## WORK TO BE COMPLETED
Repeat the listing below in full and exactly. Pictures are to be omitted.

## EXCERPTED RECORDS
════

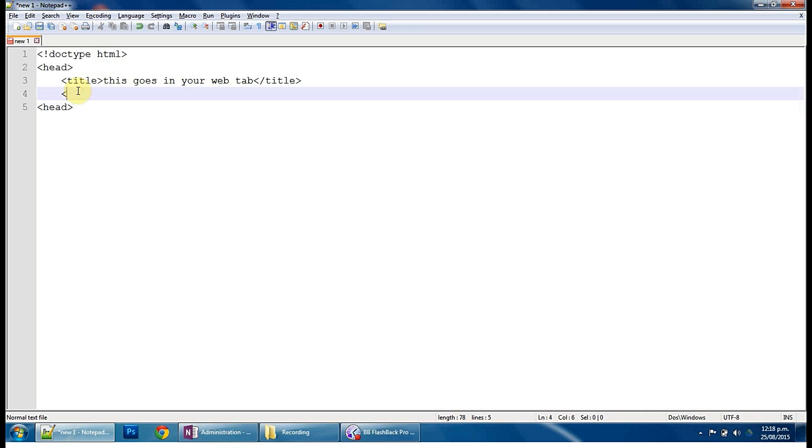So we want to style it, not inside this page. We want to do a separate document, so that way we could have several pages to our web page and it's all got the same styling from a set, and using that same separate document. That's called an external style sheet.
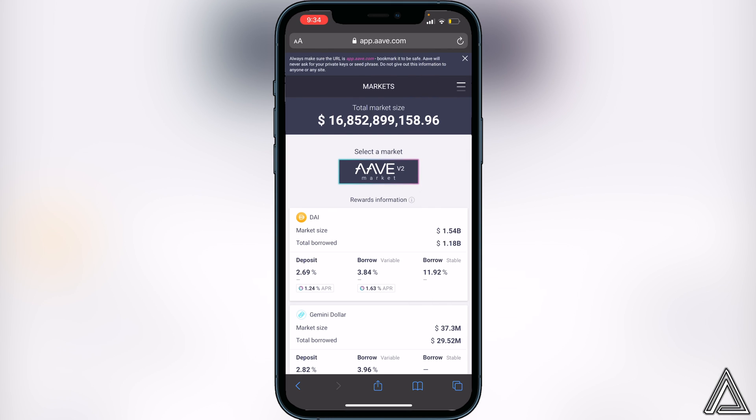So now you can go ahead and use the Aave application. I really hope I was able to help you guys out showing you how to connect Aave to your MetaMask wallet. If this video helped you out, be sure to leave a like on the video and subscribe for more content. Thanks for watching.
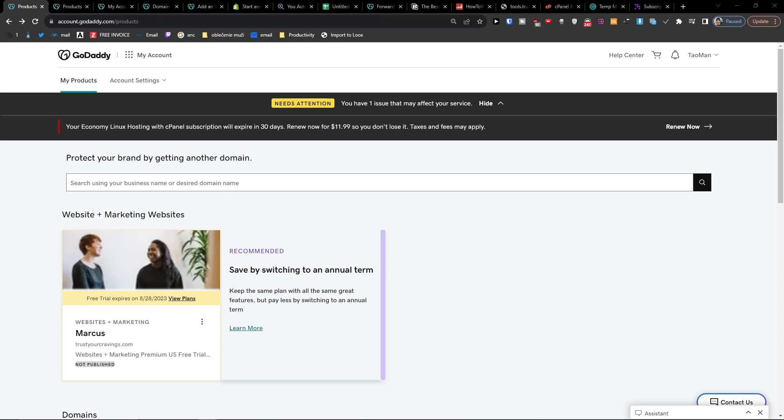Hey there, my name is Marques and in this video I'm going to show you step by step how you can add a developer or someone to your GoDaddy account with delegated access.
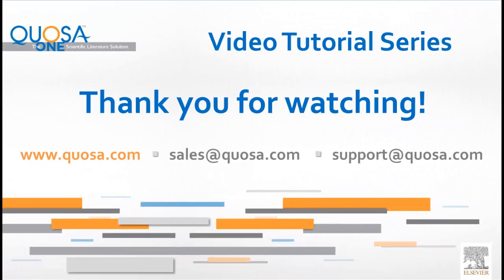Thank you for watching. Check out our other videos on our website or the Quosa YouTube channel. Detailed instructions about all topics are available in the User Manual and Web Help in the Help menu of Quosa. For sales-related questions, contact sales@quosa.com. For technical questions, contact support@quosa.com.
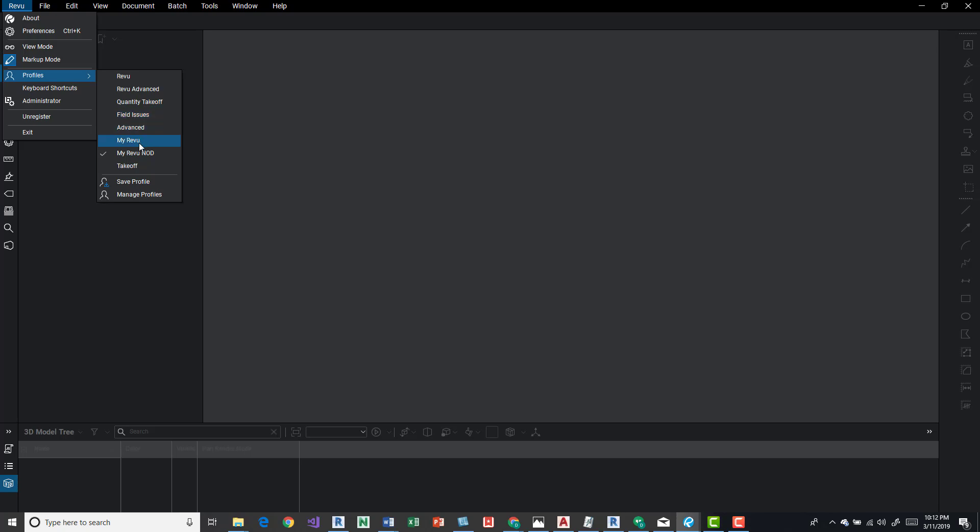And down here, I got a couple other ones: My Review, My Review NLD. And these are custom ones. I'll talk about how to create those. It's pretty easy.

════

## SOLUTION
So we want to style it, not inside this page. We want to do a separate document, so that way we could have several pages to our web page and it's all got the same styling from a set, and using that same separate document. That's called an external style sheet.
So now you can go ahead and use the Aave application. I really hope I was able to help you guys out showing you how to connect Aave to your MetaMask wallet. If this video helped you out, be sure to leave a like on the video and subscribe for more content. Thanks for watching.
Hey there, my name is Marques and in this video I'm going to show you step by step how you can add a developer or someone to your GoDaddy account with delegated access.
Thank you for watching. Check out our other videos on our website or the Quosa YouTube channel. Detailed instructions about all topics are available in the User Manual and Web Help in the Help menu of Quosa. For sales-related questions, contact sales@quosa.com. For technical questions, contact support@quosa.com.
And down here, I got a couple other ones: My Review, My Review NLD. And these are custom ones. I'll talk about how to create those. It's pretty easy.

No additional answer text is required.